-- EXTRACTED ENTRIES --
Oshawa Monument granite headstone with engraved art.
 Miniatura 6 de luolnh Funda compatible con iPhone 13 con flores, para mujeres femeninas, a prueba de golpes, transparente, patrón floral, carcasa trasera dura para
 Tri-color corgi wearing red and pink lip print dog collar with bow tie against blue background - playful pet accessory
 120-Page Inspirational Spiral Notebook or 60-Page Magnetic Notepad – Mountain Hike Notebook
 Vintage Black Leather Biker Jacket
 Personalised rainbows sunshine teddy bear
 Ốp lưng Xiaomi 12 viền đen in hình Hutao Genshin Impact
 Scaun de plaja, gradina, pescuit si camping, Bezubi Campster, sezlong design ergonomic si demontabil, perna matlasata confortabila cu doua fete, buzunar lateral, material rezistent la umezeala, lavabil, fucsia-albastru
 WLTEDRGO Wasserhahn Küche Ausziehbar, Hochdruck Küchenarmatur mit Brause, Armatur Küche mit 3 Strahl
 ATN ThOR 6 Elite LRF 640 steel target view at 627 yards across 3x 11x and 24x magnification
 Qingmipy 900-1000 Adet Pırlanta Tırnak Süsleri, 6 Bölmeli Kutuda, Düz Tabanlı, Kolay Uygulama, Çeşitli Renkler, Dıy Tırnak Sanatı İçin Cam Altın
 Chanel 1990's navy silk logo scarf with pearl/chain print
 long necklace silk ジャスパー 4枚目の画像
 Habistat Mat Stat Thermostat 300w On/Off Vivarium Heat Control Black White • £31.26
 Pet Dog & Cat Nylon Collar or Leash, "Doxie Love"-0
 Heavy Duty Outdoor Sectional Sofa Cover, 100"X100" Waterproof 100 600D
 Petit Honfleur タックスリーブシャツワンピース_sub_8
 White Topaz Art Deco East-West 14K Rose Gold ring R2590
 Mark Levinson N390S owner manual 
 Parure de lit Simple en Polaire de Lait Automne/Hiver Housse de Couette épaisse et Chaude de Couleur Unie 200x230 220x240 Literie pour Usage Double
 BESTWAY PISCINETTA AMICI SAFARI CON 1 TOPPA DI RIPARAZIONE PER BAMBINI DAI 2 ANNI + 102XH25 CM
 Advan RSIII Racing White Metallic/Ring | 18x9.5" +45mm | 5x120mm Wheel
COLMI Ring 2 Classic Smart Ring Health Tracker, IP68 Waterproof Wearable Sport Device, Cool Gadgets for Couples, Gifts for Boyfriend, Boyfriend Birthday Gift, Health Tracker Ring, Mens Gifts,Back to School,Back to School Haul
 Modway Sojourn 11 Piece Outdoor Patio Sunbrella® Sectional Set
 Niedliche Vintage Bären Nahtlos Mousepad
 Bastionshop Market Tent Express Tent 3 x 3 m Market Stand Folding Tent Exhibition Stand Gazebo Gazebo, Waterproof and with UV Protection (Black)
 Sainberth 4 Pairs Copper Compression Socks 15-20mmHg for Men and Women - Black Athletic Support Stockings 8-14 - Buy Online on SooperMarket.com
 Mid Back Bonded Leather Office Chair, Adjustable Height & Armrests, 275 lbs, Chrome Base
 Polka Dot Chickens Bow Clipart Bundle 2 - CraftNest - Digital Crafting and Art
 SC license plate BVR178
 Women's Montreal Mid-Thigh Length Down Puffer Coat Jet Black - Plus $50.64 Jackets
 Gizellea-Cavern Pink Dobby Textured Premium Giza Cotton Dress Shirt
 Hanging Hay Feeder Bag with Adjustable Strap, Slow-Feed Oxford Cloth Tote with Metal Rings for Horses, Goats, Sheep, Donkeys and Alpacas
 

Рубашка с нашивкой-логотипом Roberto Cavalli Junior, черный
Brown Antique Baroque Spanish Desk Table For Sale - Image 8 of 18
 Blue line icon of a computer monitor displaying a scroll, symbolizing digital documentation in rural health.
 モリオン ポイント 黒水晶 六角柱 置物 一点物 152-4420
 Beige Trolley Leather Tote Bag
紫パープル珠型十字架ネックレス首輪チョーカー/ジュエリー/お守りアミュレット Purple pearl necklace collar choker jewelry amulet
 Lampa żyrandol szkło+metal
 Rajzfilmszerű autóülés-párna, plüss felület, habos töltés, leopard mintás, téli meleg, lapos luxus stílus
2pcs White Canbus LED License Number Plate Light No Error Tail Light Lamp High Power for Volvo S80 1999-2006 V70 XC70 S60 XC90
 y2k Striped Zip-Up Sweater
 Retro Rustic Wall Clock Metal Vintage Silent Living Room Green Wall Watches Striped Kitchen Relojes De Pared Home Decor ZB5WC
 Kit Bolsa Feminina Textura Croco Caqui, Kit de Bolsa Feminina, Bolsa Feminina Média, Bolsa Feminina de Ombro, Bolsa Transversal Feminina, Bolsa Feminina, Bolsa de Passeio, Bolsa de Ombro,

-- EXERCISE --
Everything in the listing above needs to be copied exactly.

-- ANSWER SECTION --
Oshawa Monument granite headstone with engraved art.
 Miniatura 6 de luolnh Funda compatible con iPhone 13 con flores, para mujeres femeninas, a prueba de golpes, transparente, patrón floral, carcasa trasera dura para
 Tri-color corgi wearing red and pink lip print dog collar with bow tie against blue background - playful pet accessory
 120-Page Inspirational Spiral Notebook or 60-Page Magnetic Notepad – Mountain Hike Notebook
 Vintage Black Leather Biker Jacket
 Personalised rainbows sunshine teddy bear
 Ốp lưng Xiaomi 12 viền đen in hình Hutao Genshin Impact
 Scaun de plaja, gradina, pescuit si camping, Bezubi Campster, sezlong design ergonomic si demontabil, perna matlasata confortabila cu doua fete, buzunar lateral, material rezistent la umezeala, lavabil, fucsia-albastru
 WLTEDRGO Wasserhahn Küche Ausziehbar, Hochdruck Küchenarmatur mit Brause, Armatur Küche mit 3 Strahl
 ATN ThOR 6 Elite LRF 640 steel target view at 627 yards across 3x 11x and 24x magnification
 Qingmipy 900-1000 Adet Pırlanta Tırnak Süsleri, 6 Bölmeli Kutuda, Düz Tabanlı, Kolay Uygulama, Çeşitli Renkler, Dıy Tırnak Sanatı İçin Cam Altın
 Chanel 1990's navy silk logo scarf with pearl/chain print
 long necklace silk ジャスパー 4枚目の画像
 Habistat Mat Stat Thermostat 300w On/Off Vivarium Heat Control Black White • £31.26
 Pet Dog & Cat Nylon Collar or Leash, "Doxie Love"-0
 Heavy Duty Outdoor Sectional Sofa Cover, 100"X100" Waterproof 100 600D
 Petit Honfleur タックスリーブシャツワンピース_sub_8
 White Topaz Art Deco East-West 14K Rose Gold ring R2590
 Mark Levinson N390S owner manual 
 Parure de lit Simple en Polaire de Lait Automne/Hiver Housse de Couette épaisse et Chaude de Couleur Unie 200x230 220x240 Literie pour Usage Double
 BESTWAY PISCINETTA AMICI SAFARI CON 1 TOPPA DI RIPARAZIONE PER BAMBINI DAI 2 ANNI + 102XH25 CM
 Advan RSIII Racing White Metallic/Ring | 18x9.5" +45mm | 5x120mm Wheel
COLMI Ring 2 Classic Smart Ring Health Tracker, IP68 Waterproof Wearable Sport Device, Cool Gadgets for Couples, Gifts for Boyfriend, Boyfriend Birthday Gift, Health Tracker Ring, Mens Gifts,Back to School,Back to School Haul
 Modway Sojourn 11 Piece Outdoor Patio Sunbrella® Sectional Set
 Niedliche Vintage Bären Nahtlos Mousepad
 Bastionshop Market Tent Express Tent 3 x 3 m Market Stand Folding Tent Exhibition Stand Gazebo Gazebo, Waterproof and with UV Protection (Black)
 Sainberth 4 Pairs Copper Compression Socks 15-20mmHg for Men and Women - Black Athletic Support Stockings 8-14 - Buy Online on SooperMarket.com
 Mid Back Bonded Leather Office Chair, Adjustable Height & Armrests, 275 lbs, Chrome Base
 Polka Dot Chickens Bow Clipart Bundle 2 - CraftNest - Digital Crafting and Art
 SC license plate BVR178
 Women's Montreal Mid-Thigh Length Down Puffer Coat Jet Black - Plus $50.64 Jackets
 Gizellea-Cavern Pink Dobby Textured Premium Giza Cotton Dress Shirt
 Hanging Hay Feeder Bag with Adjustable Strap, Slow-Feed Oxford Cloth Tote with Metal Rings for Horses, Goats, Sheep, Donkeys and Alpacas
 

Рубашка с нашивкой-логотипом Roberto Cavalli Junior, черный
Brown Antique Baroque Spanish Desk Table For Sale - Image 8 of 18
 Blue line icon of a computer monitor displaying a scroll, symbolizing digital documentation in rural health.
 モリオン ポイント 黒水晶 六角柱 置物 一点物 152-4420
 Beige Trolley Leather Tote Bag
紫パープル珠型十字架ネックレス首輪チョーカー/ジュエリー/お守りアミュレット Purple pearl necklace collar choker jewelry amulet
 Lampa żyrandol szkło+metal
 Rajzfilmszerű autóülés-párna, plüss felület, habos töltés, leopard mintás, téli meleg, lapos luxus stílus
2pcs White Canbus LED License Number Plate Light No Error Tail Light Lamp High Power for Volvo S80 1999-2006 V70 XC70 S60 XC90
 y2k Striped Zip-Up Sweater
 Retro Rustic Wall Clock Metal Vintage Silent Living Room Green Wall Watches Striped Kitchen Relojes De Pared Home Decor ZB5WC
 Kit Bolsa Feminina Textura Croco Caqui, Kit de Bolsa Feminina, Bolsa Feminina Média, Bolsa Feminina de Ombro, Bolsa Transversal Feminina, Bolsa Feminina, Bolsa de Passeio, Bolsa de Ombro,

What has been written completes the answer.